The Society for Healthcare Epidemiologists of America (SHEA) has published the long-awaited white paper on data requirements for electronic surveillance of healthcare-associated infections.1 The publication is timely as acute care hospital infection preventionists (IPs) are faced with federally mandated reporting of healthcare-associated infections (HAIs) in non-ICU patient populations. This additional surveillance requirement may substantially add to the 50% time effort that IPs currently allocate to HAI detection.
Surprisingly, the majority of IPs in the United States perform manual surveillance despite the availability of automated surveillance technologies for nearly three decades. More importantly, evidence shows that the subjective nature of traditional surveillance is potentially biased and has led to inter-institutional variability in the use of surveillance techniques and the interpretation of infection definitions. These inconsistencies affect the validity of publicly reported data that should be defined by consistently applied objective criteria. The National Healthcare Safety Network (NHSN) has responded to this evidence by revising HAI definitions to reduce complexity and by supporting the development of computer-based detection algorithms and the use of electronic healthcare data for HAI surveillance.
Woeltje and colleagues provided an overview of different approaches to electronic surveillance: semi-automated systems that assist the IP in performing surveillance, and fully electronic systems that conduct surveillance entirely independent of IP involvement.
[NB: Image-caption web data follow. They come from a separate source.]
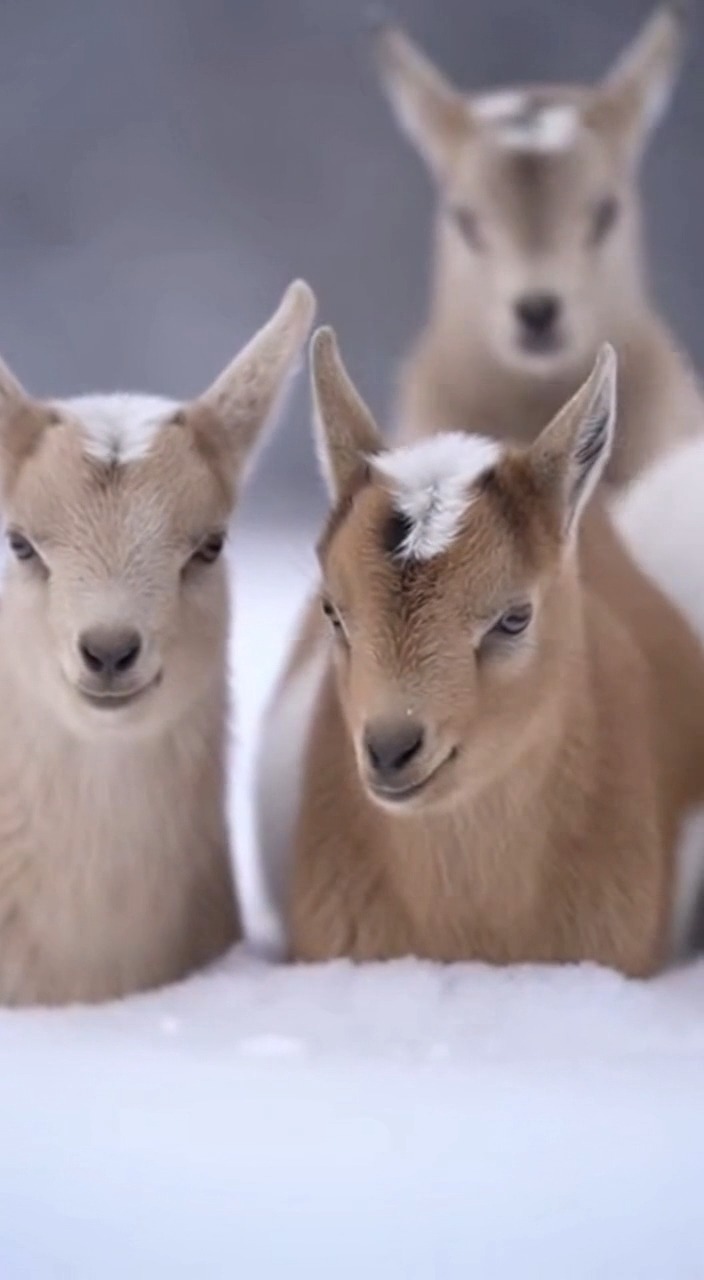 Snow Level Too Deep. Goats Still Playing. ️🤣🐐 #BabyGoat #SnowGoats # ...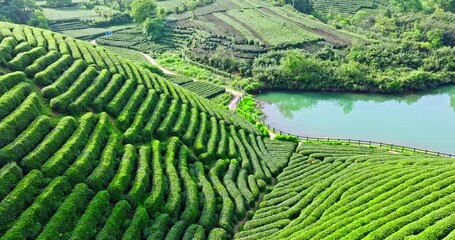 Wall Mural - Aerial view of green tea plantation nature landscape in spring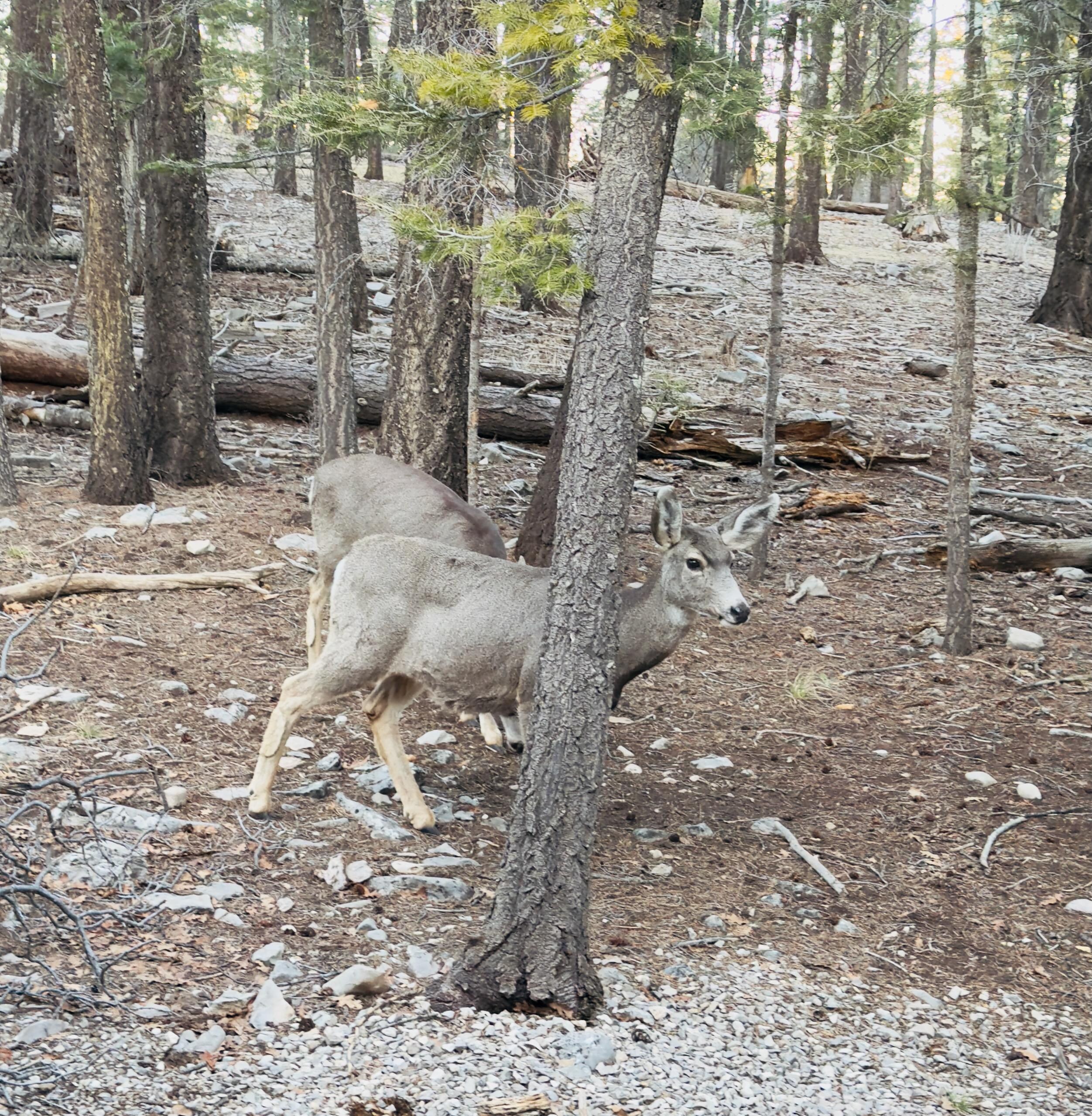 Mule deer all over the place.  This was taken from the back porch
They provided a comprehensive description of required data elements in the table below:
Facilities considering the implementation of electronic surveillance need to decide which data elements are needed from the EMR and other supporting databases and how the data should be structured. An ideal semi-automated surveillance system will have alerts that reliably eliminate data from patients who do not have HAIs (high negative predictive value) and good specificity (detection of true negative cases). It is emphasized that facilities must conduct internal validation at start-up and whenever interface changes are made to ensure that the data received is complete and accurate.
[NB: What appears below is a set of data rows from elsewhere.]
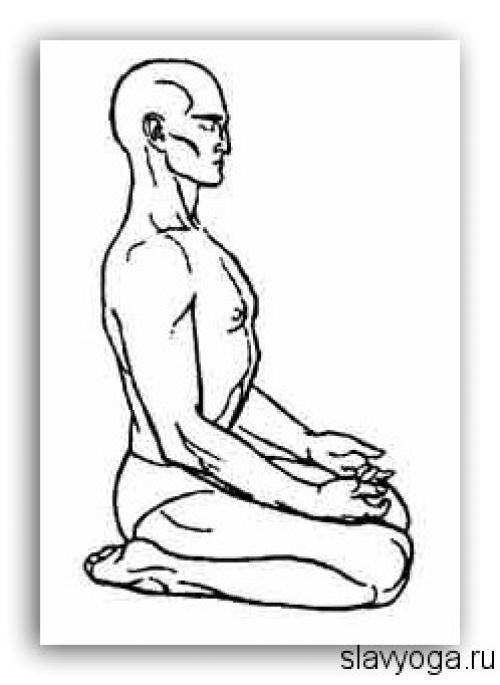 Эффект Ваджрасаны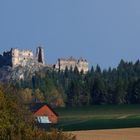 Ruine Steinschloß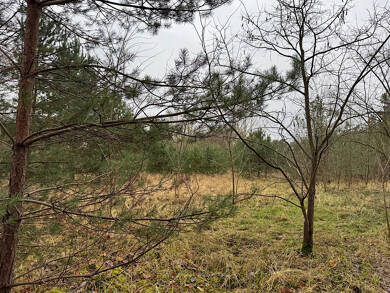 Grundstück zum Kauf 164.900 € 625 m² Grundstück Sachsenhausen Oranienburg 16515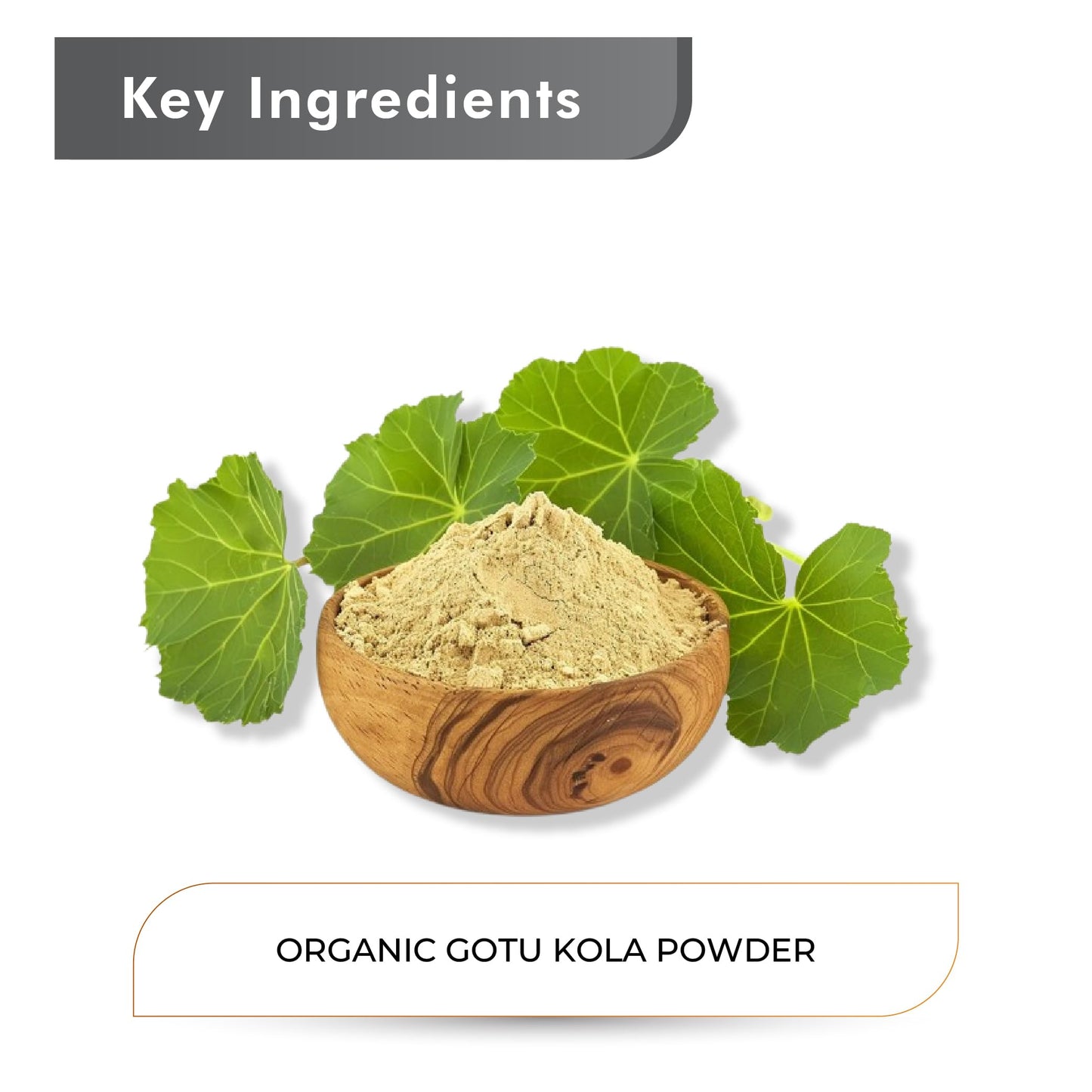 Fine texture close up view of pure green organic Gotu Kola powder by Just Jaivik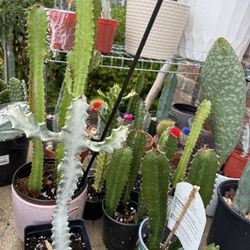 cactus for Sale 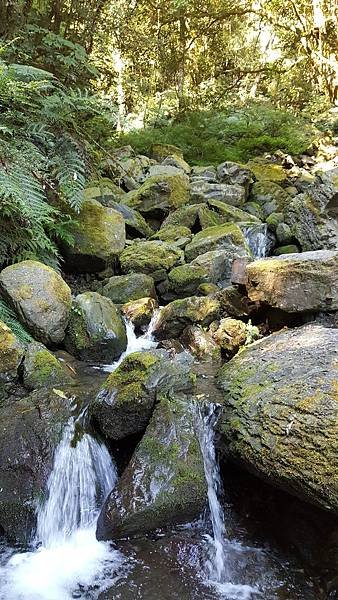 20180729_180729_0292.jpg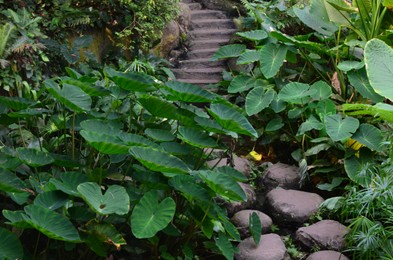 Beautiful stone path with steps near plants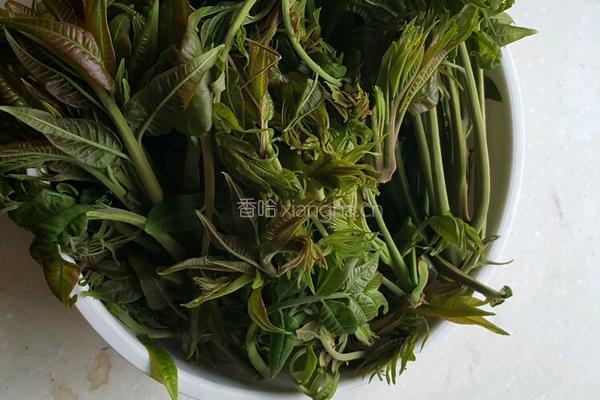 香椿芽炒鸡蛋的做法图解2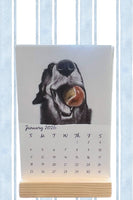 2026 Desktop Animal Art Calendar - benefiting Cape Ann Wildlife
With the current focus on fully electronic surveillance systems – which perform surveillance in its entirety without case review – effective use of the data will be dependent on the IP’s skills and understanding of the strengths and limitations of output from algorithmic detection models. NHSN and the infection prevention professional societies of SHEA and the Association for Professionals in Infection Control and Epidemiology (APIC) need to offer educational programs and mentoring to address information technology knowledge deficits in the IP community as the future direction for surveillance is clear.
1 Woeltje KF, Yin MY, Klompas M, Wright MO, et al. Data Requirements for Electronic Surveillance of Healthcare-Associated Infections. Infect Control Hosp Epidemiol 2014;35(9):1083-1091.